▸ **Exercise**
Repeat every entry exactly as given.

(Input for this task Opens)

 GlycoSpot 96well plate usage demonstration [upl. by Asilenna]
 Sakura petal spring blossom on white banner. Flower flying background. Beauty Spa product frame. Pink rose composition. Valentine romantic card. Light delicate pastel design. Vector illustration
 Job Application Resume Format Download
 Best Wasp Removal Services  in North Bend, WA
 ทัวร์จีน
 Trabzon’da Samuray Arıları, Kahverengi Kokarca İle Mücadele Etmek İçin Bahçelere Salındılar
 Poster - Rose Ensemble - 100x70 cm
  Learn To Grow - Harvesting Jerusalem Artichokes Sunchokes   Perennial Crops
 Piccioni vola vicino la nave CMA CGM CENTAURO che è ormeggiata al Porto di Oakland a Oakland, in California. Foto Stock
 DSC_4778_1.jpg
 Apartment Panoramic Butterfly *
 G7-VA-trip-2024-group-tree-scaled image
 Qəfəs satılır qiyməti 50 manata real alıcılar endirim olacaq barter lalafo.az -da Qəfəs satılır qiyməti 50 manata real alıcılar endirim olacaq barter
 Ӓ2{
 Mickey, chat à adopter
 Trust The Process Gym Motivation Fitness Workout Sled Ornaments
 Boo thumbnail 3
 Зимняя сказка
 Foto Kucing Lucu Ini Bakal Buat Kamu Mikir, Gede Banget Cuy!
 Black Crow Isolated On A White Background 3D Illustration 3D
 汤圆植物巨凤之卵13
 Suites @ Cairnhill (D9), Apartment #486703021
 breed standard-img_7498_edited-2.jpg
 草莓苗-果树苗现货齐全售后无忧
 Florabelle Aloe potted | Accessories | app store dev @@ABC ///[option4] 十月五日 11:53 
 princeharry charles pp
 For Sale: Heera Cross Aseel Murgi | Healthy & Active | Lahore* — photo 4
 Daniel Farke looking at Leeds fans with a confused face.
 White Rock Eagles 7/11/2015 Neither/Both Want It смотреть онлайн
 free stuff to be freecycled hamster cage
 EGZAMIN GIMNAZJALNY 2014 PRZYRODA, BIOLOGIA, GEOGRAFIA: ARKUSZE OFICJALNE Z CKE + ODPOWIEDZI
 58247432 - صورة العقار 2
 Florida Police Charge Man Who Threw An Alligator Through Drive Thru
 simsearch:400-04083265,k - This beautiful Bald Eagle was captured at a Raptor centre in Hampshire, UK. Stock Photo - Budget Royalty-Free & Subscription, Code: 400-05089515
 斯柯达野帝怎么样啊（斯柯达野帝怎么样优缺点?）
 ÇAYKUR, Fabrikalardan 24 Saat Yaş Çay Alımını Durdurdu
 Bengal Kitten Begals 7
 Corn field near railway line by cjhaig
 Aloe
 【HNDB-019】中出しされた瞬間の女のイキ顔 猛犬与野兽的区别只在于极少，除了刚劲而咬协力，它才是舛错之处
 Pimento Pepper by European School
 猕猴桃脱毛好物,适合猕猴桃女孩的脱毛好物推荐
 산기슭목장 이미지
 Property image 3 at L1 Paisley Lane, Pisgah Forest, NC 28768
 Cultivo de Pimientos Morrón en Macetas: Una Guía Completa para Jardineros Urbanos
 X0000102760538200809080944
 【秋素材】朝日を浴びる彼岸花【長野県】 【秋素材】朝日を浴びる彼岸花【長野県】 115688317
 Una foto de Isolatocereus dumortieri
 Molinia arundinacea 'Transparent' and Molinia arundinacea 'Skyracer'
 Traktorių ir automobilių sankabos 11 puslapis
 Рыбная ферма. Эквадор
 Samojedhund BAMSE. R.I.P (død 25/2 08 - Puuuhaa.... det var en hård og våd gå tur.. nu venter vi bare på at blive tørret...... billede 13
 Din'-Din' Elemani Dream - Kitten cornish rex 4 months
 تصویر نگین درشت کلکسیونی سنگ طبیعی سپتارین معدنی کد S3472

(Input for this task Closes)

▸ **Your solution**
 GlycoSpot 96well plate usage demonstration [upl. by Asilenna]
 Sakura petal spring blossom on white banner. Flower flying background. Beauty Spa product frame. Pink rose composition. Valentine romantic card. Light delicate pastel design. Vector illustration
 Job Application Resume Format Download
 Best Wasp Removal Services  in North Bend, WA
 ทัวร์จีน
 Trabzon’da Samuray Arıları, Kahverengi Kokarca İle Mücadele Etmek İçin Bahçelere Salındılar
 Poster - Rose Ensemble - 100x70 cm
  Learn To Grow - Harvesting Jerusalem Artichokes Sunchokes   Perennial Crops
 Piccioni vola vicino la nave CMA CGM CENTAURO che è ormeggiata al Porto di Oakland a Oakland, in California. Foto Stock
 DSC_4778_1.jpg
 Apartment Panoramic Butterfly *
 G7-VA-trip-2024-group-tree-scaled image
 Qəfəs satılır qiyməti 50 manata real alıcılar endirim olacaq barter lalafo.az -da Qəfəs satılır qiyməti 50 manata real alıcılar endirim olacaq barter
 Ӓ2{
 Mickey, chat à adopter
 Trust The Process Gym Motivation Fitness Workout Sled Ornaments
 Boo thumbnail 3
 Зимняя сказка
 Foto Kucing Lucu Ini Bakal Buat Kamu Mikir, Gede Banget Cuy!
 Black Crow Isolated On A White Background 3D Illustration 3D
 汤圆植物巨凤之卵13
 Suites @ Cairnhill (D9), Apartment #486703021
 breed standard-img_7498_edited-2.jpg
 草莓苗-果树苗现货齐全售后无忧
 Florabelle Aloe potted | Accessories | app store dev @@ABC ///[option4] 十月五日 11:53 
 princeharry charles pp
 For Sale: Heera Cross Aseel Murgi | Healthy & Active | Lahore* — photo 4
 Daniel Farke looking at Leeds fans with a confused face.
 White Rock Eagles 7/11/2015 Neither/Both Want It смотреть онлайн
 free stuff to be freecycled hamster cage
 EGZAMIN GIMNAZJALNY 2014 PRZYRODA, BIOLOGIA, GEOGRAFIA: ARKUSZE OFICJALNE Z CKE + ODPOWIEDZI
 58247432 - صورة العقار 2
 Florida Police Charge Man Who Threw An Alligator Through Drive Thru
 simsearch:400-04083265,k - This beautiful Bald Eagle was captured at a Raptor centre in Hampshire, UK. Stock Photo - Budget Royalty-Free & Subscription, Code: 400-05089515
 斯柯达野帝怎么样啊（斯柯达野帝怎么样优缺点?）
 ÇAYKUR, Fabrikalardan 24 Saat Yaş Çay Alımını Durdurdu
 Bengal Kitten Begals 7
 Corn field near railway line by cjhaig
 Aloe
 【HNDB-019】中出しされた瞬間の女のイキ顔 猛犬与野兽的区别只在于极少，除了刚劲而咬协力，它才是舛错之处
 Pimento Pepper by European School
 猕猴桃脱毛好物,适合猕猴桃女孩的脱毛好物推荐
 산기슭목장 이미지
 Property image 3 at L1 Paisley Lane, Pisgah Forest, NC 28768
 Cultivo de Pimientos Morrón en Macetas: Una Guía Completa para Jardineros Urbanos
 X0000102760538200809080944
 【秋素材】朝日を浴びる彼岸花【長野県】 【秋素材】朝日を浴びる彼岸花【長野県】 115688317
 Una foto de Isolatocereus dumortieri
 Molinia arundinacea 'Transparent' and Molinia arundinacea 'Skyracer'
 Traktorių ir automobilių sankabos 11 puslapis
 Рыбная ферма. Эквадор
 Samojedhund BAMSE. R.I.P (død 25/2 08 - Puuuhaa.... det var en hård og våd gå tur.. nu venter vi bare på at blive tørret...... billede 13
 Din'-Din' Elemani Dream - Kitten cornish rex 4 months
 تصویر نگین درشت کلکسیونی سنگ طبیعی سپتارین معدنی کد S3472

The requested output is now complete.